Decision	Why it matters
What’s your stable identifier for a person?	Survives email changes, VOMO ID changes, system migrations
How do you store VOMO IDs?	Determines join cost, lookup performance, deletion handling
How do you model participations?	The most-data-intensive part of any reporting integration
How do you handle the schema differences (snake_case, type oddities)?	Determines whether your code needs to know about API quirks
What’s denormalized vs. computed?	Trade-off between storage and query cost

These decisions are hard to reverse. A partner integration that uses VOMO User IDs as primary keys throughout will struggle when the customer migrates to a different platform; one that uses partner-assigned IDs survives the migration.

Principle 1: stable partner identifiers

Don’t make VOMO IDs your primary keys. Use partner-assigned identifiers as the stable reference, and link them to VOMO IDs via a mapping table.

The pattern

-- Partner-side person records
CREATE TABLE persons (
  partner_person_id  VARCHAR PRIMARY KEY,  -- Stable; never changes
  customer_id        VARCHAR NOT NULL,
  email              VARCHAR NOT NULL,
  first_name         VARCHAR,
  last_name          VARCHAR,
  -- ... your business fields ...
  created_at         TIMESTAMP DEFAULT NOW()
);

-- Mapping to VOMO IDs
CREATE TABLE person_vomo_mapping (
  customer_id        VARCHAR NOT NULL,
  partner_person_id  VARCHAR NOT NULL,
  vomo_user_id       INTEGER,
  last_known_email   VARCHAR,
  last_synced_at     TIMESTAMP,

  PRIMARY KEY (customer_id, partner_person_id),
  UNIQUE (customer_id, vomo_user_id)
);

CREATE INDEX person_vomo_by_vomo_id ON person_vomo_mapping (customer_id, vomo_user_id);

The partner_person_id is your stable key. The mapping table is the bridge to VOMO. The same pattern extends to Projects, Groups, Forms, etc.

Why not just use VOMO IDs

Concern	What happens if you use VOMO IDs as primary keys
Customer migrates to a different platform	All your foreign keys break
You join with CRM+ data	CRM+ has its own IDs; you need a translation layer anyway
A VOMO record is deleted	You lose the join target; orphaned references everywhere
You add a new data source later	Schema is already locked to VOMO
The customer’s identity system changes their email	If you stored by email, joins break

The partner-assigned ID isolates you from all of these.

Identifier generation

A few options for partner_person_id:

Format	Pros	Cons
UUID	Universal, no coordination	Long; opaque
Customer-prefixed (e.g., `cust001-prs-12345`)	Self-describing; debug-friendly	Coupled to customer ID format
Slug-based (e.g., `bruce-wayne-xj9k`)	Human-readable	Collisions; profanity risk
Sequential	Compact; sortable	Reveals scale; bad for multi-tenant

For most integrations, UUID is the safe default. The opacity is a feature — it prevents IDs from being misused as ordering or identifying information.

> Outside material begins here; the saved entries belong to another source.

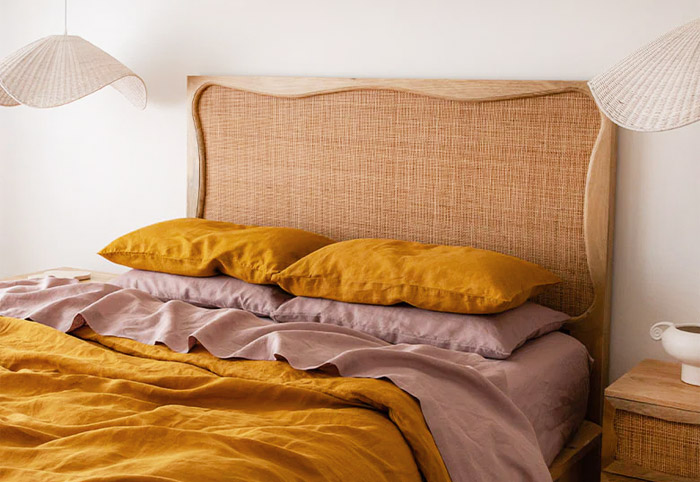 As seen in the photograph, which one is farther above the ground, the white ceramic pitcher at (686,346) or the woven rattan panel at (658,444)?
the white ceramic pitcher at (686,346)

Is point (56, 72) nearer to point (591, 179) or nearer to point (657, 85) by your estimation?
point (591, 179)

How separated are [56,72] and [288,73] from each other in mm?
862

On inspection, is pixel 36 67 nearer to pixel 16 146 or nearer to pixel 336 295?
pixel 16 146

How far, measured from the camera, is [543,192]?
2547 mm

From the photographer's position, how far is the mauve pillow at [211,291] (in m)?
2.54

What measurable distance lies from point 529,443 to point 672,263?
90 cm

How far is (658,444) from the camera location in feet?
6.77

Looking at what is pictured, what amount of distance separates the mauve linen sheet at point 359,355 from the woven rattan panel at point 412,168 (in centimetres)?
65

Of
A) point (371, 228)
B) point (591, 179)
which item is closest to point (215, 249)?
point (371, 228)

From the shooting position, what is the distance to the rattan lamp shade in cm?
307

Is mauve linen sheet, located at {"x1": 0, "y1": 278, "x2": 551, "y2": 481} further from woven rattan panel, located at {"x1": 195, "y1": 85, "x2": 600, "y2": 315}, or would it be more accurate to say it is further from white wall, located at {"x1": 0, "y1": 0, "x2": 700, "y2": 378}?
white wall, located at {"x1": 0, "y1": 0, "x2": 700, "y2": 378}

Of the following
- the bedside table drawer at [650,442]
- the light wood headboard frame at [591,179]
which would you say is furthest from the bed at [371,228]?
the bedside table drawer at [650,442]

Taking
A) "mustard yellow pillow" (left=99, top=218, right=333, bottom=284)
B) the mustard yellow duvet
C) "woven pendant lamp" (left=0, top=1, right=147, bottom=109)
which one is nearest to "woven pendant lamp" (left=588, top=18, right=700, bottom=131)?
the mustard yellow duvet

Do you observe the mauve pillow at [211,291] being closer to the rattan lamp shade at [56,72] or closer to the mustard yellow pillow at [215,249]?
the mustard yellow pillow at [215,249] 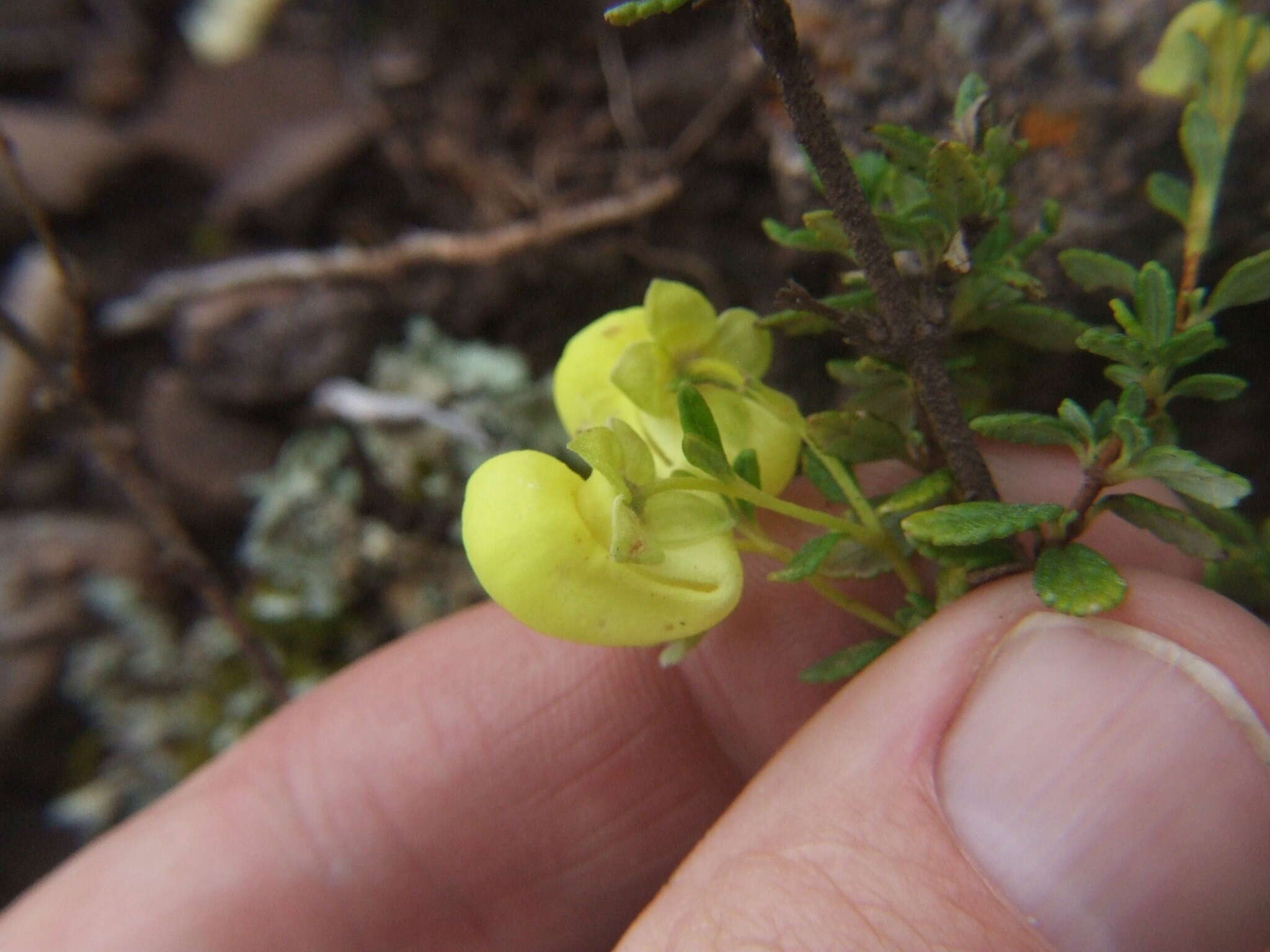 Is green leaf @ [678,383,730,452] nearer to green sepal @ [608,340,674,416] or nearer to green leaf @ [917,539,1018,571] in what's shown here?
green sepal @ [608,340,674,416]

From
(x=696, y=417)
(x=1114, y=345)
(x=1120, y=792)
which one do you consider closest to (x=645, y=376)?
(x=696, y=417)

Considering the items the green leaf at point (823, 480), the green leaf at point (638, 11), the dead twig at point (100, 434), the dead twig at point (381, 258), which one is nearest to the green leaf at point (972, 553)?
the green leaf at point (823, 480)

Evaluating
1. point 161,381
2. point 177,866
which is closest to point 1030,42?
point 177,866

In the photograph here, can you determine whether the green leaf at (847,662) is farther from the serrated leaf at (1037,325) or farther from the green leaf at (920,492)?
the serrated leaf at (1037,325)

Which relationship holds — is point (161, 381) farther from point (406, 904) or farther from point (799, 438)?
point (799, 438)

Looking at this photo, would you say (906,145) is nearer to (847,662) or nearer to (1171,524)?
(1171,524)

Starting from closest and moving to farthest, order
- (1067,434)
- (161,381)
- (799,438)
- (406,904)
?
(1067,434) → (799,438) → (406,904) → (161,381) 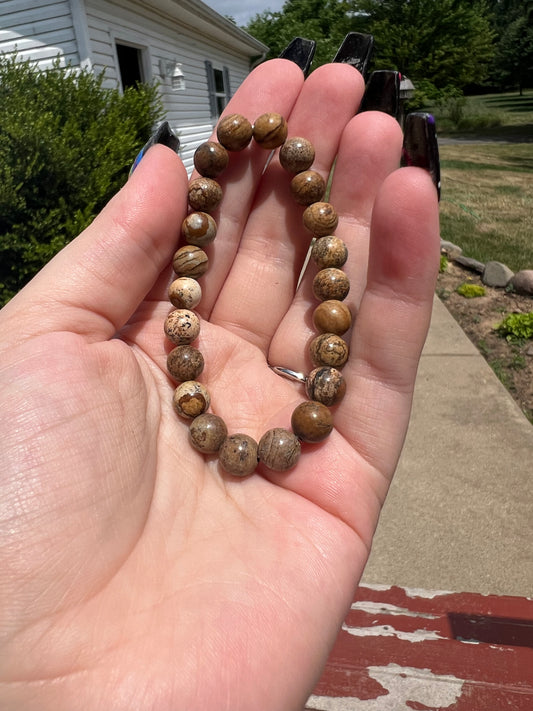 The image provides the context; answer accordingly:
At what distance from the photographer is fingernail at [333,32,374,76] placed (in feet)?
7.47

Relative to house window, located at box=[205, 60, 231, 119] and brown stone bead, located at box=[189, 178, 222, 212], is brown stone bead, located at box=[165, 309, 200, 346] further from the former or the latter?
house window, located at box=[205, 60, 231, 119]

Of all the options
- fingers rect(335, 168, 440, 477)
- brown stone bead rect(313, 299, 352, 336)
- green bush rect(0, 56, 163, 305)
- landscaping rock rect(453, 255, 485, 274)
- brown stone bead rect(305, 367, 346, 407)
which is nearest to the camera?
fingers rect(335, 168, 440, 477)

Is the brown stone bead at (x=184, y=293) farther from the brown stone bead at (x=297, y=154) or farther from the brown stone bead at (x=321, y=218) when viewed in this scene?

Principle 2: mapping tables, not foreign keys

When linking partner-side records to VOMO records, use a mapping table rather than embedding vomo_user_id as a foreign key everywhere.

The pattern

-- ❌ Anti-pattern: VOMO ID embedded in business tables
CREATE TABLE participations (
  id INTEGER PRIMARY KEY,
  vomo_user_id INTEGER REFERENCES vomo_users(id),  -- Tight coupling
  ...
);

-- ✅ Better: business table uses partner ID; mapping resolves to VOMO
CREATE TABLE participations (
  id INTEGER PRIMARY KEY,
  partner_person_id VARCHAR REFERENCES persons(partner_person_id),
  ...
);

The mapping table changes infrequently; the business tables don’t have to.

When mapping tables get complex

For multi-API integrations (Volunteer + CRM+ + Raise), the mapping pattern scales:

CREATE TABLE person_external_mapping (
  customer_id        VARCHAR NOT NULL,
  partner_person_id  VARCHAR NOT NULL,
  source_system      VARCHAR NOT NULL,  -- 'vomo', 'crm', 'raise', 'workday'
  source_id          VARCHAR NOT NULL,
  last_synced_at     TIMESTAMP,

  PRIMARY KEY (customer_id, partner_person_id, source_system),
  UNIQUE (customer_id, source_system, source_id)
);

-- Find the VOMO ID for a given partner person
SELECT source_id FROM person_external_mapping
WHERE customer_id = ? AND partner_person_id = ? AND source_system = 'vomo';

-- Find all systems linked to a given partner person
SELECT source_system, source_id FROM person_external_mapping
WHERE customer_id = ? AND partner_person_id = ?;

A single table maps partner IDs to any number of source-system IDs. Adding a new system (e.g., a future “Raise” integration) means adding rows, not new columns or tables.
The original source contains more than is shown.